The dessert is believed to have been created in honour of the dancer either during or after one of her tours to Australia and New Zealand in the 1920s. The nationality of its creator has been a source of argument between the two nations for many years, but formal research indicates New Zealand as the source.

The dessert is a popular dish and an important part of the national cuisine of both countries, and with its simple recipe, is frequently served during celebratory and holiday meals. It is a dessert most identified with the summer time, but is eaten all year round in many Australian and New Zealand homes.

Pavlova is made by beating egg whites (and sometimes salt) to a very stiff consistency before folding in caster sugar, white vinegar or another acid (e.g. cream of tartar or lemon juice), cornflour, and sometimes vanilla essence, and slow-baking the mixture, similar to meringue.

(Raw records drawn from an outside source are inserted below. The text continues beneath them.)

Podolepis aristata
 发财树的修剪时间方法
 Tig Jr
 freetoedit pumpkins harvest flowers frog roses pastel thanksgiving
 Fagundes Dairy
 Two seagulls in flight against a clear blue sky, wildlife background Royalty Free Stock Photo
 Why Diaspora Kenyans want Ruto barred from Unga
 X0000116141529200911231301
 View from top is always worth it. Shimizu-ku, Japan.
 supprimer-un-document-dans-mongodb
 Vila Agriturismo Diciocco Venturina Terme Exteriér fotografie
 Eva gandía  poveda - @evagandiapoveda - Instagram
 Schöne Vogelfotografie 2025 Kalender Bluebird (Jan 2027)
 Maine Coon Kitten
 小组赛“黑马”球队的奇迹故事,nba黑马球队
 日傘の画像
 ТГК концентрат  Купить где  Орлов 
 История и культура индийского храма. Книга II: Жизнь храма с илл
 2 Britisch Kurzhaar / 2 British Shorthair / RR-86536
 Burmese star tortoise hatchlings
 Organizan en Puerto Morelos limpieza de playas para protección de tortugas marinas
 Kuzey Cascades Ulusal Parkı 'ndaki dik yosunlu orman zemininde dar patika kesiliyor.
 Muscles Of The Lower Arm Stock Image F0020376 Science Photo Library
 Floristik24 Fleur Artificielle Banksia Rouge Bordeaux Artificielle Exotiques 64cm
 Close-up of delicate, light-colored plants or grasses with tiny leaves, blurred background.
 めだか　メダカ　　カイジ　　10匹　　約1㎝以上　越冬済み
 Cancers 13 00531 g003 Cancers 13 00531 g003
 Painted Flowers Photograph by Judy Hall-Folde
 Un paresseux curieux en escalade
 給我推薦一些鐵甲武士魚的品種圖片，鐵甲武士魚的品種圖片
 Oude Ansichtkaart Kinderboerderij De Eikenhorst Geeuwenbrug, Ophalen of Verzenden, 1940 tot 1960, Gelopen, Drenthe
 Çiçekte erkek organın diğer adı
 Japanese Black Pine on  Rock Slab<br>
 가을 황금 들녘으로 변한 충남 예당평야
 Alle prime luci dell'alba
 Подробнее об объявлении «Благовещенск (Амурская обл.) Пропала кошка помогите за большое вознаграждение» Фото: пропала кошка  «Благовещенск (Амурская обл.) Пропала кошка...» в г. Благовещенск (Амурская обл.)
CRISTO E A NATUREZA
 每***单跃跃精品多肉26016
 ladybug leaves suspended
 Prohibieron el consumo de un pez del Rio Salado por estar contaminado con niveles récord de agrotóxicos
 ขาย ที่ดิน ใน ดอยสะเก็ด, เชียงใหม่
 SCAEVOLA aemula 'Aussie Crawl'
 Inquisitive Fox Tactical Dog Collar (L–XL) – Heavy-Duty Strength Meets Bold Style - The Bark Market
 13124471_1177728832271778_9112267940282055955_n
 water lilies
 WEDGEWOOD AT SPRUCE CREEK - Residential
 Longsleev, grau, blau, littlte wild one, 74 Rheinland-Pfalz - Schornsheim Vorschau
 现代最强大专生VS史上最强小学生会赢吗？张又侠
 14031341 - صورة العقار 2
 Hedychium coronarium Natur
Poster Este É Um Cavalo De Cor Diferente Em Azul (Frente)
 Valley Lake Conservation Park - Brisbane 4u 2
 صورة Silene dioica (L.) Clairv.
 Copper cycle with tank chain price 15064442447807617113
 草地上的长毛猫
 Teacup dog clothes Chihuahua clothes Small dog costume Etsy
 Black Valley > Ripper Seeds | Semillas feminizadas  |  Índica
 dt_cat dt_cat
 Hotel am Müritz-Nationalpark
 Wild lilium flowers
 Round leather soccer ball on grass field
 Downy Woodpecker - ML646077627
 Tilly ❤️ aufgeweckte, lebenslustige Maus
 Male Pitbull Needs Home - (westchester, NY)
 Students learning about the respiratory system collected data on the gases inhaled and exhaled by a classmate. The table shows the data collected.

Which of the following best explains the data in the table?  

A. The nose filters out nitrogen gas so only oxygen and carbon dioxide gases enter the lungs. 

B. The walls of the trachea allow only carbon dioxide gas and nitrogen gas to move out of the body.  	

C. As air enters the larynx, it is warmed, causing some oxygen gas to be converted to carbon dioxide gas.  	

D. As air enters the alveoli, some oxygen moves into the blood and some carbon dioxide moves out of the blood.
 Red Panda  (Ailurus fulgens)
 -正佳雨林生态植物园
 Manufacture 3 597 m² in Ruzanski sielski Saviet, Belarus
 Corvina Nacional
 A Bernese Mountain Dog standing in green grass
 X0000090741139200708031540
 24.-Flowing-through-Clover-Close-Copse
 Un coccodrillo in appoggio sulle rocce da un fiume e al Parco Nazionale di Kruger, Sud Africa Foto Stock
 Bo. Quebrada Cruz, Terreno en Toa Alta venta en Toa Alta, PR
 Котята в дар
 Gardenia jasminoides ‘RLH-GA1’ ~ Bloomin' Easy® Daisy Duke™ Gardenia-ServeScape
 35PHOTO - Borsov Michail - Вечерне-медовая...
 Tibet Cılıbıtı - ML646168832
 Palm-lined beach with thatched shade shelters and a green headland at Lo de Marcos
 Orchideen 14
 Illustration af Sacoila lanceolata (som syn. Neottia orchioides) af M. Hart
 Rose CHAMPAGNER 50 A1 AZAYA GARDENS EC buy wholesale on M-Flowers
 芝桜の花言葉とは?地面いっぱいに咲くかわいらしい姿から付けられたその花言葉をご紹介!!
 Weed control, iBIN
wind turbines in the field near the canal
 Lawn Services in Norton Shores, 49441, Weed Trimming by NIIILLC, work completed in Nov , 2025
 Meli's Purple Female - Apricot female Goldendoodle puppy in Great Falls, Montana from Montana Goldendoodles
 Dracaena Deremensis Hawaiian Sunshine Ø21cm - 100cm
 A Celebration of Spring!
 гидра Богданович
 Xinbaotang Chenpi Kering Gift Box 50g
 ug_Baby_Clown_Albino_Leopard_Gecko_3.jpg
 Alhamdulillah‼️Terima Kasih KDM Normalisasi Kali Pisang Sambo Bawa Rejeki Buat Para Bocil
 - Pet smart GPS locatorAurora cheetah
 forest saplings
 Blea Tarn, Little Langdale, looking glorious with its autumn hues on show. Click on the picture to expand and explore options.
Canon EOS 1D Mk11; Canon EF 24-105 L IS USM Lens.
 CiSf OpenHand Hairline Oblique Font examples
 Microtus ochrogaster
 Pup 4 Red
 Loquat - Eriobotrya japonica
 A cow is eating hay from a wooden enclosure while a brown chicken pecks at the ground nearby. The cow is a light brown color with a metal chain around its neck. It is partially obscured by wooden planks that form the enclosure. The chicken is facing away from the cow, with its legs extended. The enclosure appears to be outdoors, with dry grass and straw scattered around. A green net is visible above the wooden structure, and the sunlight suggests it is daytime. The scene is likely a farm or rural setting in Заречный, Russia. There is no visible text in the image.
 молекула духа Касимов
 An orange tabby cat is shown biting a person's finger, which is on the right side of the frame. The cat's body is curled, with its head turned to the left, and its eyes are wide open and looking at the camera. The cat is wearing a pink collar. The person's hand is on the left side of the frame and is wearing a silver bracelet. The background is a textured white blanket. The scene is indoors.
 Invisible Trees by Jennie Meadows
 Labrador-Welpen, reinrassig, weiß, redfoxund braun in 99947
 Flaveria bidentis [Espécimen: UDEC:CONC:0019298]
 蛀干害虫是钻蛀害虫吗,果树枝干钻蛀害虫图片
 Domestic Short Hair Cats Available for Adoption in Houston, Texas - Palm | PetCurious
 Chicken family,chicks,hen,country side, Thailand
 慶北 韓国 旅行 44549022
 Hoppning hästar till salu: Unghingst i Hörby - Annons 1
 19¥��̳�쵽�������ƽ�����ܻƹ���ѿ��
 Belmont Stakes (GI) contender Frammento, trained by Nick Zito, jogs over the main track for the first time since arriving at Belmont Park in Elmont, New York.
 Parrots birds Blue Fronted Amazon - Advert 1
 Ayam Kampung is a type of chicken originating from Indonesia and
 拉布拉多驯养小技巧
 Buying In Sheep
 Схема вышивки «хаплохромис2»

The pavlova has a crisp and crunchy outer shell, and a soft, moist marshmallow-like centre, in contrast to meringue which is usually solid throughout. It has been suggested the addition of cornflour is responsible for the marshmallow centre, although it has been debated that the cornflour is just another egg white stabiliser in addition to the acid. The consistency also makes the pavlova significantly more fragile than meringue. Because the pavlova is notorious for deflating if exposed to cold air, when cooking is complete it is left in the oven to fully cool down before the oven door is opened.

Pavlova is traditionally decorated with a topping of whipped cream and fresh soft fruit such as kiwifruit, passionfruit, and strawberries. Factory-made pavlovas can be purchased at supermarkets and decorated as desired. A commercial product is available that includes pre-mixed ingredients for baking the meringue shell, requiring only the addition of water and sugar.

Leftover decorated pavlova can be refrigerated overnight, but the dessert will absorb moisture and lose its crispness. Undecorated pavlova can be left overnight in the oven, or for several days in an airtight container, to be decorated when ready.